**Task statement**
Using the listing below, set down exactly the lines starting at the line that contains "Vadoo - Social Network Dating Script" and ending at the line that contains "FootJoy Half-Zip Jersey", both included, and no others.

**Extracted data**
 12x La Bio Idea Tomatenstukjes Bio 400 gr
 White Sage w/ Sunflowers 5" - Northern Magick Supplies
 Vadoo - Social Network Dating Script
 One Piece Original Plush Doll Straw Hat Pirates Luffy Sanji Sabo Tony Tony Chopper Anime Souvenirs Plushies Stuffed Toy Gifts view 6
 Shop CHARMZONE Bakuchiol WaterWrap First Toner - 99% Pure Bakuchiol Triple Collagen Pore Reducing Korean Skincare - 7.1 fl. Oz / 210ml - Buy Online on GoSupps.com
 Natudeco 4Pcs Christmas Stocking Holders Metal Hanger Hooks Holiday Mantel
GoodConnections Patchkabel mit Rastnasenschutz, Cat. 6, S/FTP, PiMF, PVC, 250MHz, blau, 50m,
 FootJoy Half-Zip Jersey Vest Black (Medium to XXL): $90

...

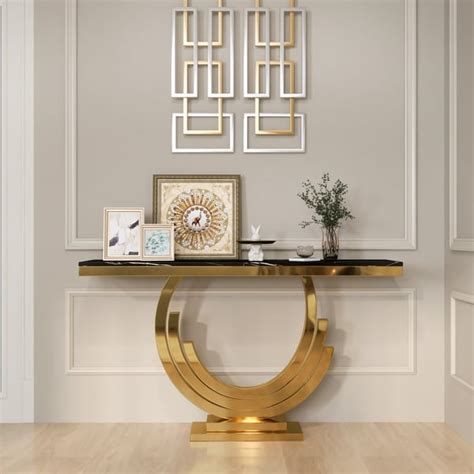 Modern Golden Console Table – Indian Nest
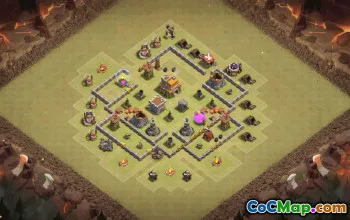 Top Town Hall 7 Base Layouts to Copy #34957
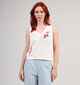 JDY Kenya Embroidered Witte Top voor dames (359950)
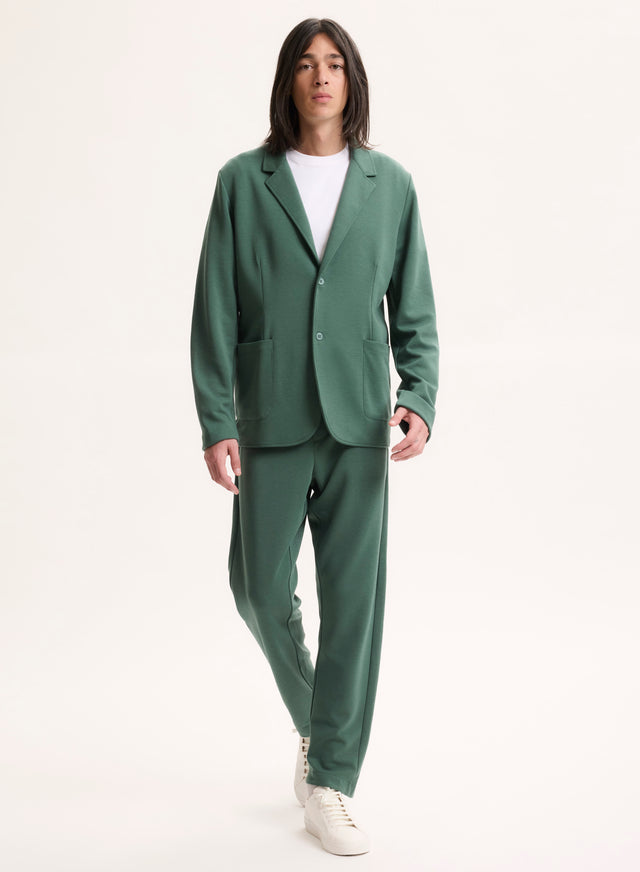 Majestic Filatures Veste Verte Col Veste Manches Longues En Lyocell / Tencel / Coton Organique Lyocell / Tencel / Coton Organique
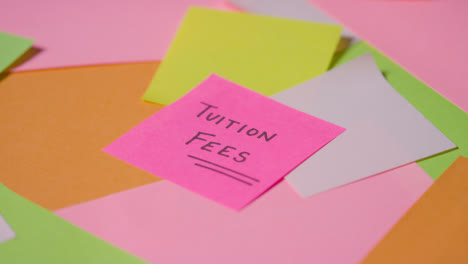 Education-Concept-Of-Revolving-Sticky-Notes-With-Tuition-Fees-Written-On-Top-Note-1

**Written answer**
 Vadoo - Social Network Dating Script
 One Piece Original Plush Doll Straw Hat Pirates Luffy Sanji Sabo Tony Tony Chopper Anime Souvenirs Plushies Stuffed Toy Gifts view 6
 Shop CHARMZONE Bakuchiol WaterWrap First Toner - 99% Pure Bakuchiol Triple Collagen Pore Reducing Korean Skincare - 7.1 fl. Oz / 210ml - Buy Online on GoSupps.com
 Natudeco 4Pcs Christmas Stocking Holders Metal Hanger Hooks Holiday Mantel
GoodConnections Patchkabel mit Rastnasenschutz, Cat. 6, S/FTP, PiMF, PVC, 250MHz, blau, 50m,
 FootJoy Half-Zip Jersey Vest Black (Medium to XXL): $90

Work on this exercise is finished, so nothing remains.